The relationship FOLLOWS goes from User node to User node. This relation represents a user following another user on the social network.

followerID,followeeID
1,7
1,6
2,17
2,10
2,13

POSTS

The relationship POSTS goes from User node to Post node. This relation represents a user posting the post on the social network.

userID,postID
17,1
4,2
15,3
7,4
14,5

LIKES

The relationship Likes goes from User node to Post node.

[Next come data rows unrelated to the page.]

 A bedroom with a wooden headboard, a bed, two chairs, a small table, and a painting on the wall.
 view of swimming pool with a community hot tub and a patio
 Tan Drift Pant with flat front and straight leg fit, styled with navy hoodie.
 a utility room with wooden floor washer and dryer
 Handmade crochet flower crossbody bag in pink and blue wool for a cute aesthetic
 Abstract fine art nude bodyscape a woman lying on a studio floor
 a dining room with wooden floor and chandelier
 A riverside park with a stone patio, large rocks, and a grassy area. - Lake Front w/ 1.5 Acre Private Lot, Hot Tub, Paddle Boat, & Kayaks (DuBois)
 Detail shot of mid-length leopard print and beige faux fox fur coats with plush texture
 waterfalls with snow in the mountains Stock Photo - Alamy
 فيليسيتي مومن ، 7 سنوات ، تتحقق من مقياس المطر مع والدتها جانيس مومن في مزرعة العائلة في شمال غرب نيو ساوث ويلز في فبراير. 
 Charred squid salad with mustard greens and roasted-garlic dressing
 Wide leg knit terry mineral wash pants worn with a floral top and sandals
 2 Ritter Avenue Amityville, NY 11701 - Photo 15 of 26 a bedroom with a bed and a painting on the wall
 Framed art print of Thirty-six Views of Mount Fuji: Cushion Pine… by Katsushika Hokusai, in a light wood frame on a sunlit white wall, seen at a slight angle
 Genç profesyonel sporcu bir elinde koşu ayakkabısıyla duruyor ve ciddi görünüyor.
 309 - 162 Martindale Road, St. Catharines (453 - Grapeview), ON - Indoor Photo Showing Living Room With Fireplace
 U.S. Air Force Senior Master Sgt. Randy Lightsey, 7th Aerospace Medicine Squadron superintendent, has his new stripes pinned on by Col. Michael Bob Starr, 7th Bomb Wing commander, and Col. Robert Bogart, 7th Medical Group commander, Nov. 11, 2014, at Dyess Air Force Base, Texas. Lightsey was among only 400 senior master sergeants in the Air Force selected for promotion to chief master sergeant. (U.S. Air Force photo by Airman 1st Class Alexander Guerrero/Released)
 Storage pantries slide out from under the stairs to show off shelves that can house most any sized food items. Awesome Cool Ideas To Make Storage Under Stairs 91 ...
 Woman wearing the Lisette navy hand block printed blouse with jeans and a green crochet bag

This relation represents a user liking the post on the social network.

userID,postID
16,1
2,1
4,1
13,1
11,1

Define the schema in Kuzu

In the Kuzu CLI, let’s create a node table for the Users in our dataset.

CREATE NODE TABLE User(
userID INT64 PRIMARY KEY,
username STRING,
account_creation_date DATE
);
┌──────────────────────────────┐
│ result │
│ STRING │
├──────────────────────────────┤
│ Table User has been created. │
└──────────────────────────────┘

We can do a similar thing for the Posts in our dataset.

CREATE NODE TABLE Post(
postID INT64 PRIMARY KEY,
creation_date DATE,
like_count INT64,
retweet_count INT64
);
┌──────────────────────────────┐
│ result │
│ STRING │
├──────────────────────────────┤
│ Table Post has been created. │
└──────────────────────────────┘

Now that we have our node tables, we can create a relationship table for the FOLLOWS and POSTS relationships in our dataset.

CREATE REL TABLE LIKES(From User To Post);
CREATE REL TABLE FOLLOWS(From User To User);
CREATE REL TABLE POSTED(From User To Post);
┌───────────────────────────────┐
│ result │
│ STRING │
├───────────────────────────────┤
│ Table LIKES has been created. │
└───────────────────────────────┘
┌─────────────────────────────────┐
│ result │
│ STRING │
├─────────────────────────────────┤
│ Table FOLLOWS has been created. │
└─────────────────────────────────┘
┌────────────────────────────────┐
│ result │
│ STRING │
├────────────────────────────────┤
│ Table POSTED has been created. │
└────────────────────────────────┘